Carcinomas of the colon and rectum are the third most frequent in women of all age groups in the United States (American Cancer Society, 2016). Their incidence in pregnancy is rising because of delayed childbearing (Rogers, 2016). Even so, colorectal tumors are uncommon before age 40. Smith and colleagues (2003) reported an approximate incidence of 1 per 150,000 deliveries in the California Cancer Registry. The incidence approximated 1 per 35,000 births in a Danish Registry (Eibye, 2013). Most—80 percent—of colorectal carcinomas in pregnant women arise from the rectum. In one review, only 41 cases in pregnancy were colon cancers above the peritoneal reflection (Chan, 1999).

The most frequent symptoms of colorectal cancer are abdominal pain, distention, nausea, constipation, and rectal bleeding. If symptoms of colon disease persist, digital rectal examination, stool tests for occult blood, and flexible sigmoidoscopy or colonoscopy are done. Some malignancies of the gastrointestinal tract are discovered because of metastases to the ovary. Kruckenberg tumors are tumor-laden ovaries from another primary, often gastrointestinal, and have a bleak prognosis (Glišić, 2006; Kodama, 2016).

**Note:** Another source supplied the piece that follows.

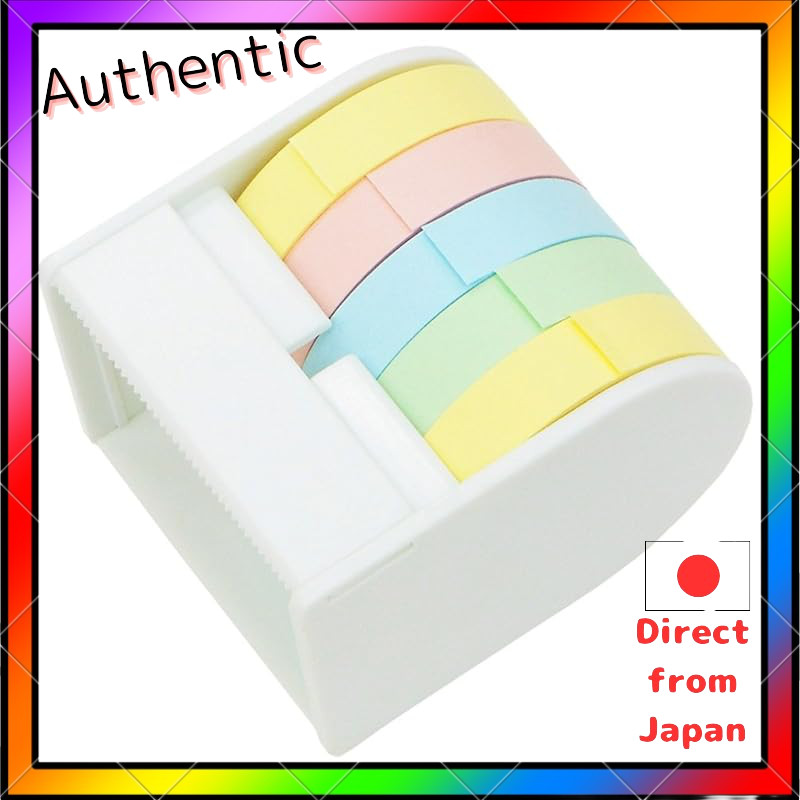 Assorted Roll Sticky Notes with Dispenser - 10mm Width and 50mm Width Refills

Treatment of colon cancer in pregnant women mirrors the same general guidelines as for nonpregnant women. Without evidence of metastatic disease, surgical resection is preferred, but most gravidas have advanced lesions (Al-Ibrahim, 2014). During the first half of pregnancy, hysterectomy is not necessary to perform colon or rectal resection, and thus, therapeutic abortion is not mandated. During later pregnancy, therapy may be delayed until fetal maturation, however, bowel hemorrhage, obstruction, or perforation may force surgical intervention (Minter, 2005).

Gastric cancer is rarely associated with pregnancy, and most reported cases are from Japan. Hirabayashi and coworkers (1987) reviewed outcomes in 60 pregnant women during a 70-year period from 1916 to 1985. Delayed diagnosis during pregnancy is common, and the prognosis is consistently poor (Lee, 2009). Esophageal cancer has similar symptoms, but it is rare (Sahin, 2015). It is axiomatic that persistent unexplained upper gastrointestinal symptoms should be evaluated by endoscopy.

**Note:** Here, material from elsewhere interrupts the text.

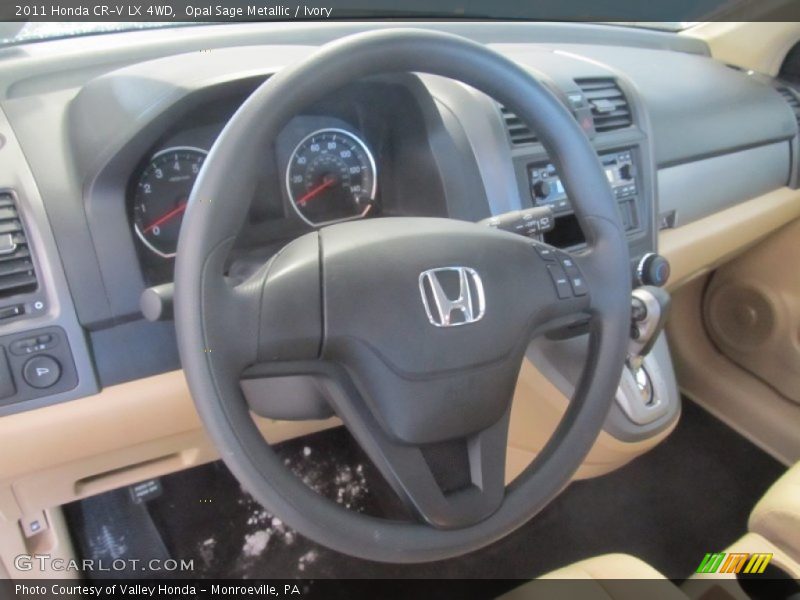 Opal Sage Metallic / Ivory 2011 Honda CR-V LX 4WD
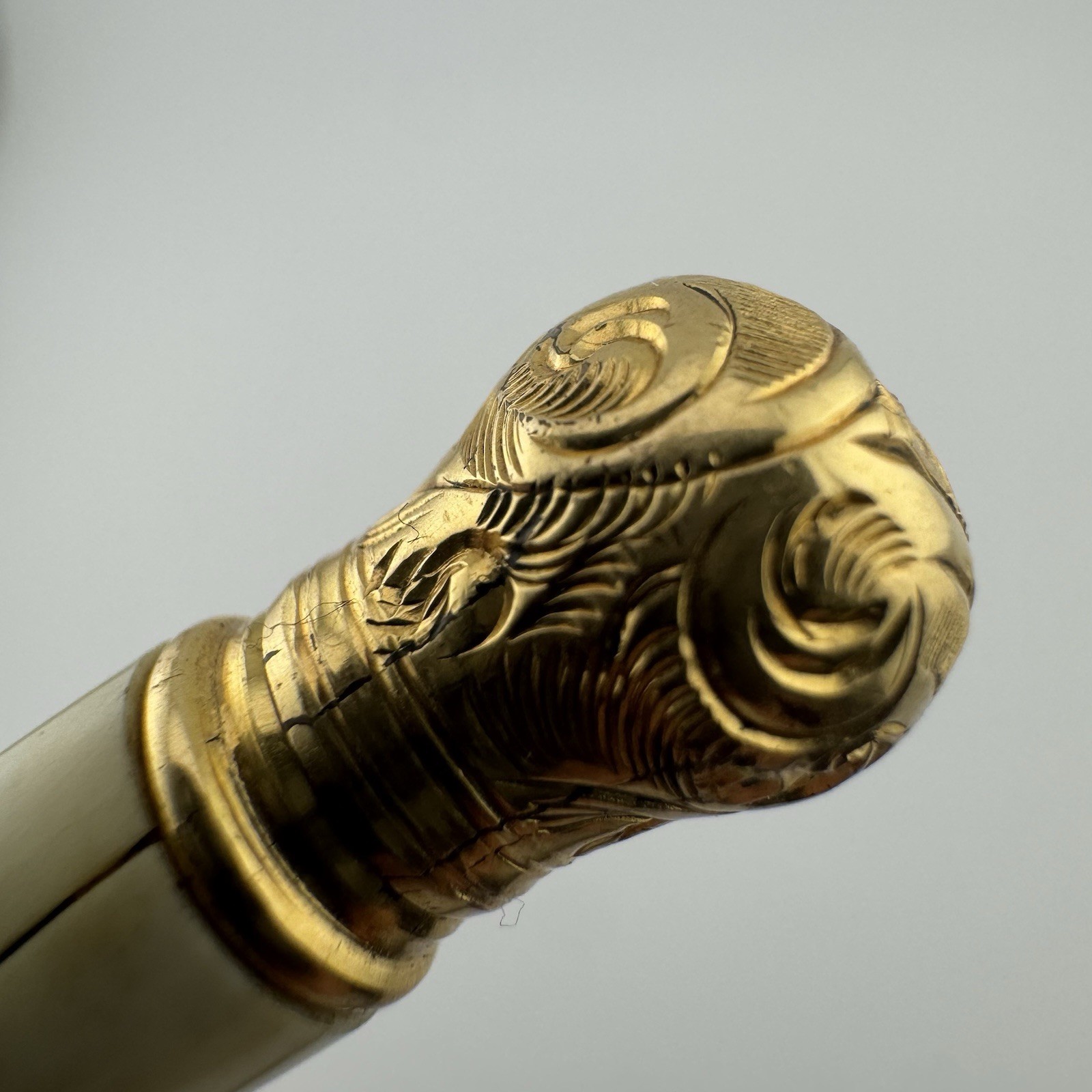 Antique Pearl & Gold Filled Retractable Mechanical Pencil Patd OCT 1771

Various other neoplasms have been reported in pregnancy and are usually the subject of case reports. Examples include carcinoid tumors, which are usually of gastrointestinal origin (Durkin, 1983). Both pancreatic and hepatocellular cancer are rare during pregnancy (Kakoza, 2009; Marinoni, 2006; Papoutsis, 2012; Perera, 2011). Another report described a massive intrahepatic cholangiocarcinoma masquerading as HELLP syndrome (Bladerston, 1998). Except for thyroid cancer, malignant tumors of the head and neck are rare (Cheng, 2015). Lung cancer is also uncommon (Boussios, 2013). Central nervous system neoplasms had a reported frequency of 1 in 10,000 to 28,000 births (Eibye, 2013; Smith, 2003). Bladder and urachal duct carcinoma are rarely coincident with pregnancy (McNally, 2013; Yeaton-Massey, 2013). Last, bone tumors have been described (Kathiresan, 2011).